(Available records)

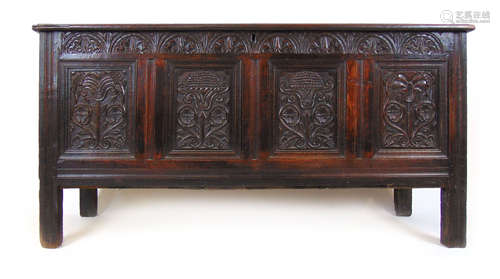 A late 17th/early 18th century oak coffer,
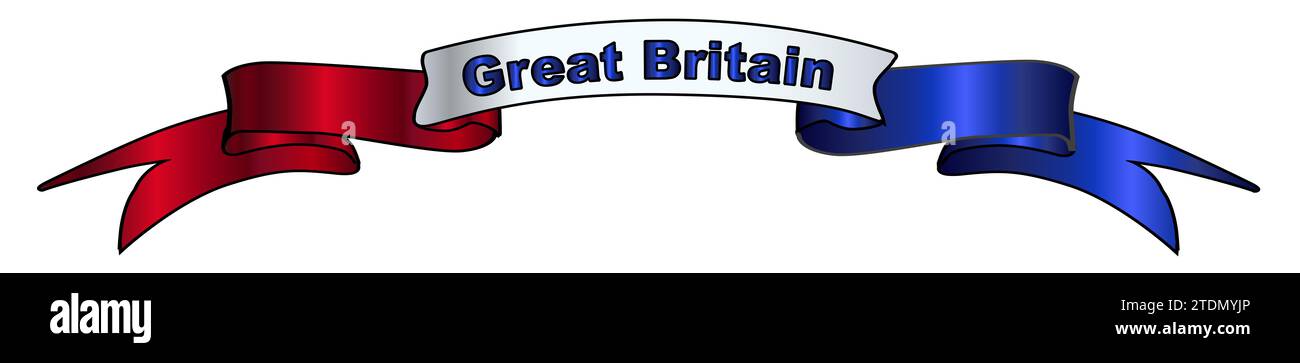 A red white and blue colors of the UK flag in satin or silk ribbon banner with the text Great Britain Stock Photo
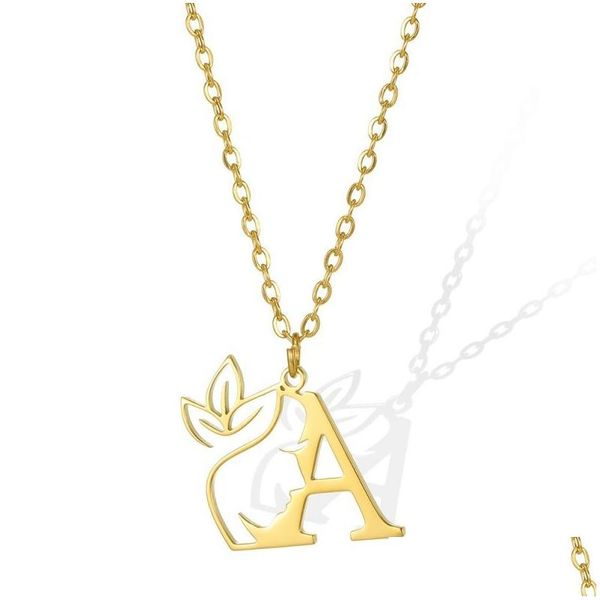 Anhänger Halsketten Schönheit Blume Initial Halskette Frauen Mädchen Geschenke Edelstahl Gold Farbe Brief Anhänger Choker Alphabet Schmuck Dr Ot0Ed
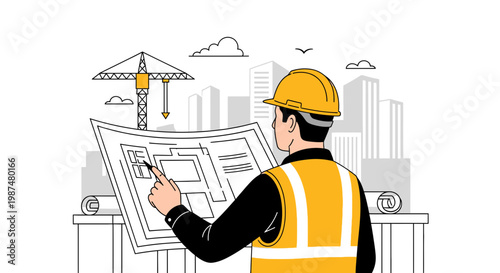 Architect Reviewing Blueprint for Construction Project with Urban Background In Illustration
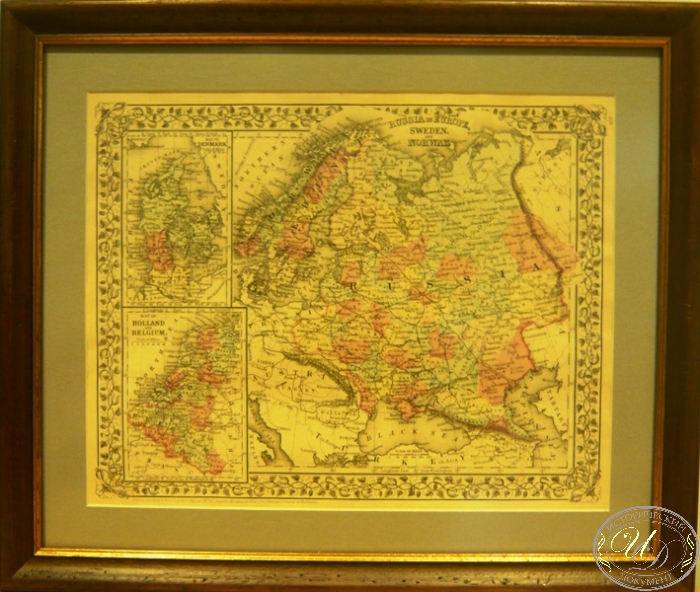 Европейская часть России (Швеция, Норвегия), 1886 год., Размер: 34,5х27 см. ― ООО "Исторический Документ"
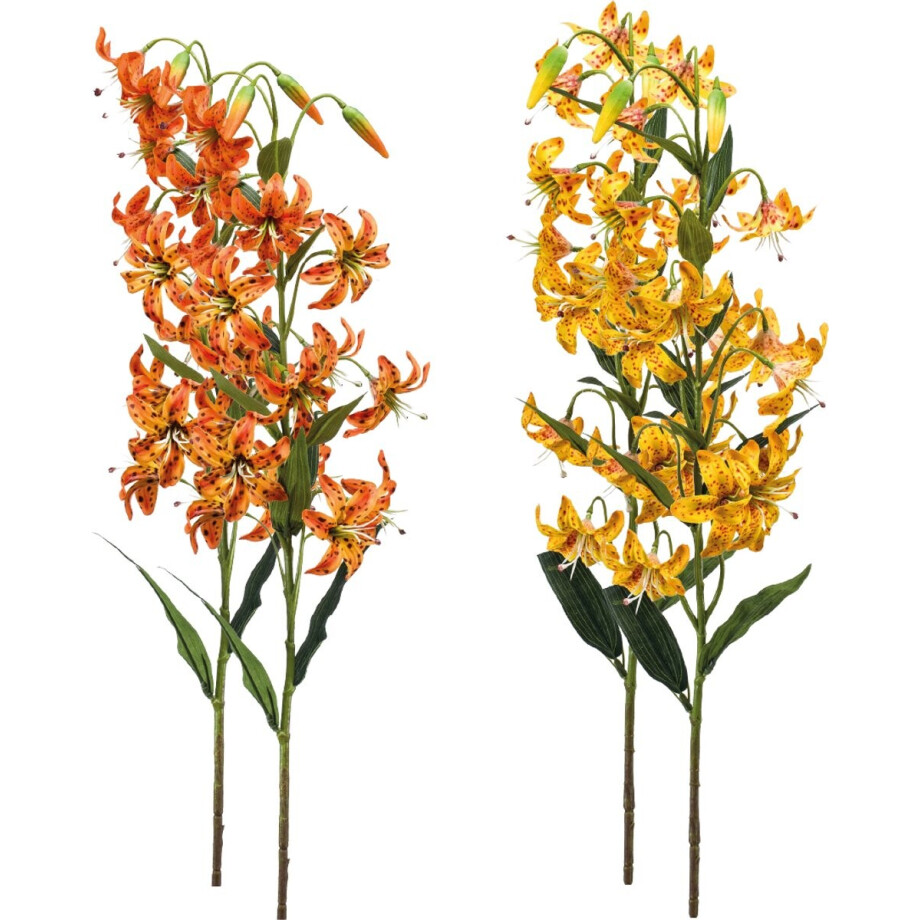 Emerald - Kunstbloem Lelie 80cm Oranje - Set van 4 - Kunstplant voor binnen afbeelding 1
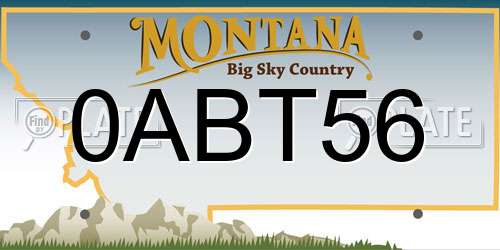 0ABT56 Montana License Plate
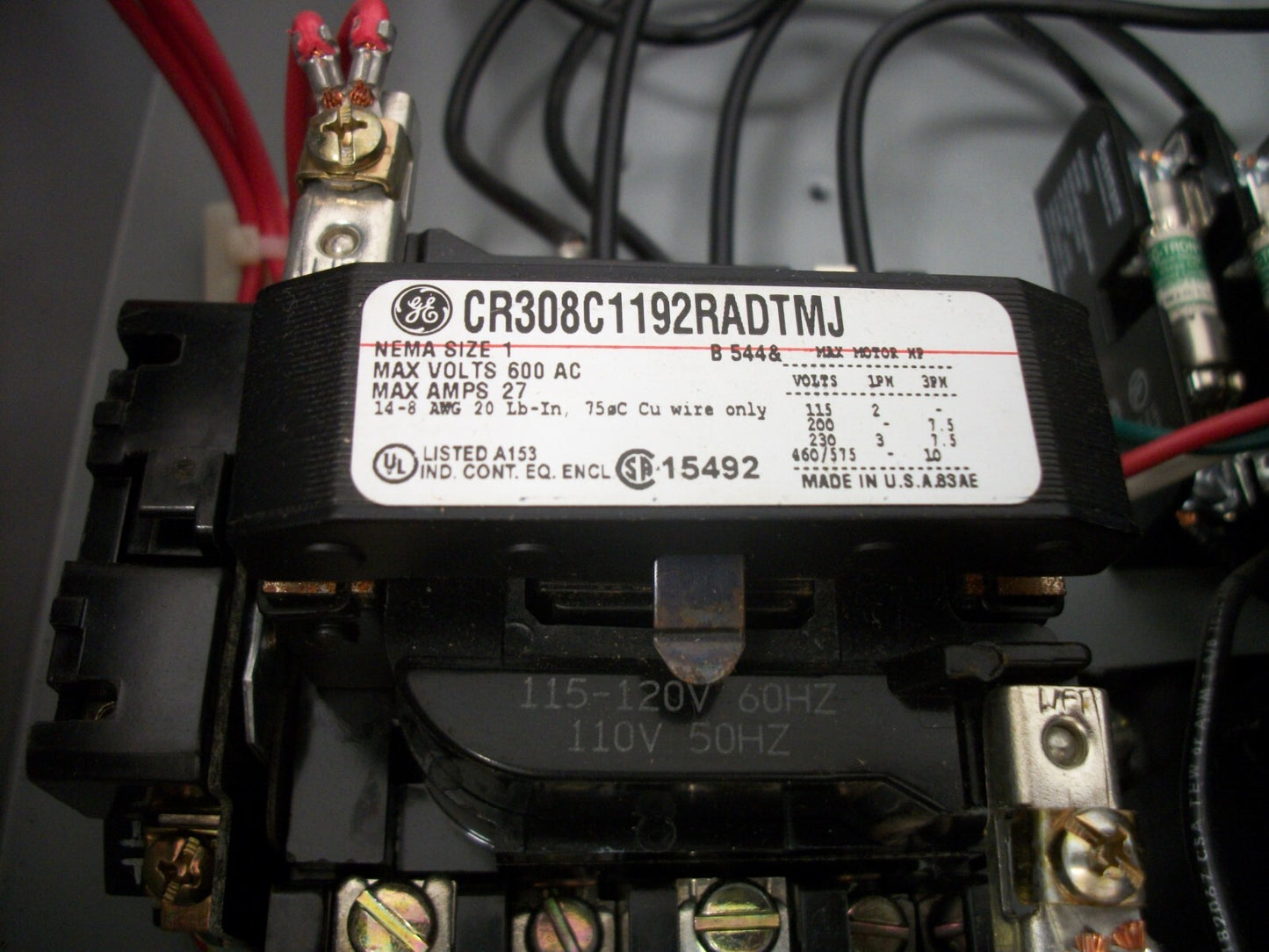 GE STARTER COMBO SIZE 1 CR308C1192RADTMJ 120VCOIL 30AMP FUSIBLE NOB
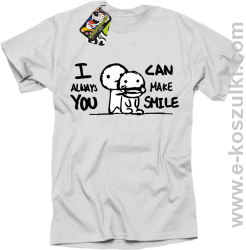 I can always make You smile - koszulka męska z nadrukiem biała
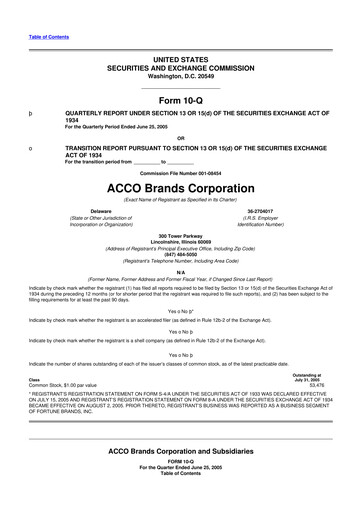 Thumbnail Acco Brands 10-Q Quarterly Report FY 
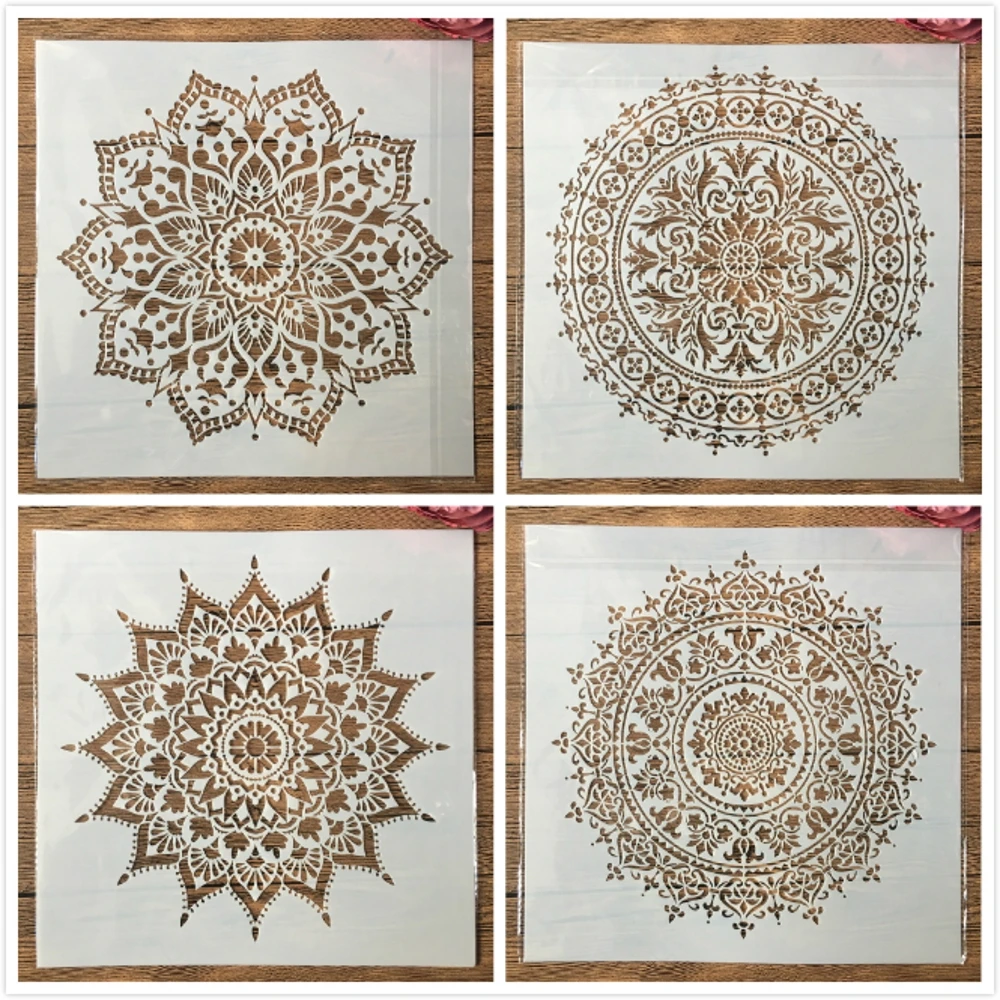 

4Pcs 30*30cm Big Wheel Round Mandala Lotus DIY Layering Stencils Painting Scrapbook Coloring Embossing Album Decorative Template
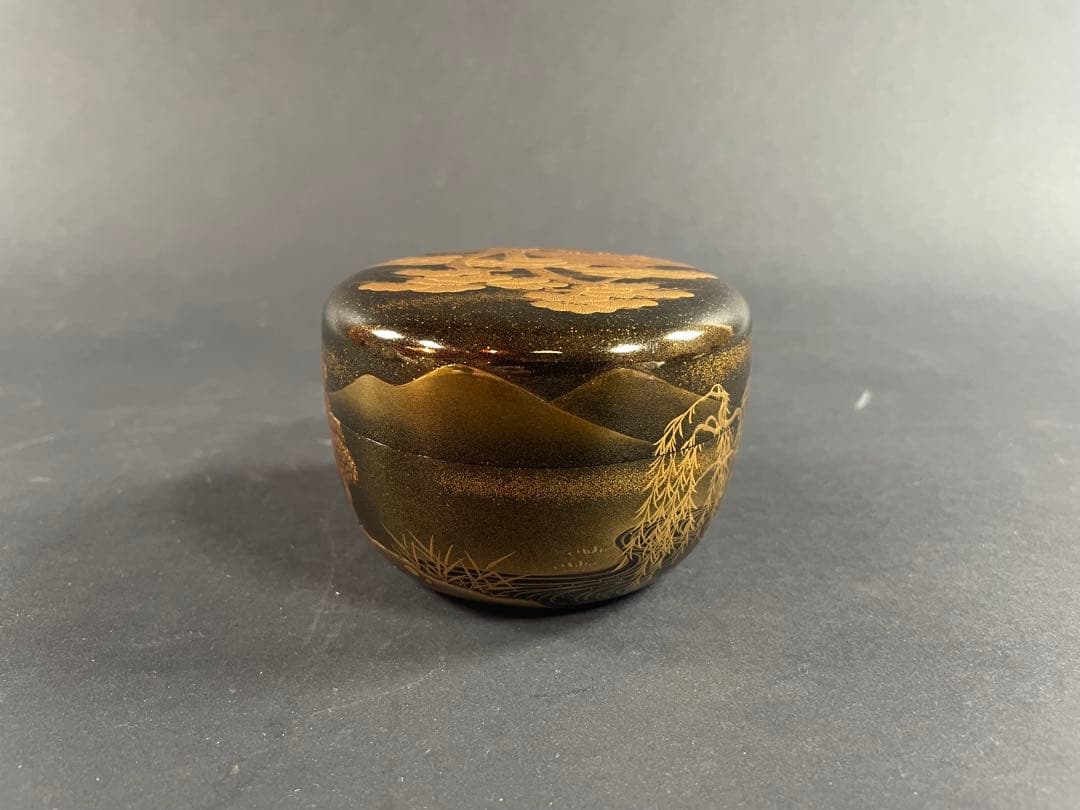 2 最終値下げ　拓也 山水 蒔絵 平棗 漆器 重合 茶道具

(End Available records)

--- Instructions to follow ---
Reproduce the entries exactly. Do not carry over any picture.

--- Solution below ---
 A late 17th/early 18th century oak coffer,
 A red white and blue colors of the UK flag in satin or silk ribbon banner with the text Great Britain Stock Photo
 Anhänger Halsketten Schönheit Blume Initial Halskette Frauen Mädchen Geschenke Edelstahl Gold Farbe Brief Anhänger Choker Alphabet Schmuck Dr Ot0Ed
 Architect Reviewing Blueprint for Construction Project with Urban Background In Illustration
 Европейская часть России (Швеция, Норвегия), 1886 год., Размер: 34,5х27 см. ― ООО "Исторический Документ"
 Emerald - Kunstbloem Lelie 80cm Oranje - Set van 4 - Kunstplant voor binnen afbeelding 1
 0ABT56 Montana License Plate
 GE STARTER COMBO SIZE 1 CR308C1192RADTMJ 120VCOIL 30AMP FUSIBLE NOB
 I can always make You smile - koszulka męska z nadrukiem biała
 Thumbnail Acco Brands 10-Q Quarterly Report FY 

4Pcs 30*30cm Big Wheel Round Mandala Lotus DIY Layering Stencils Painting Scrapbook Coloring Embossing Album Decorative Template
 2 最終値下げ　拓也 山水 蒔絵 平棗 漆器 重合 茶道具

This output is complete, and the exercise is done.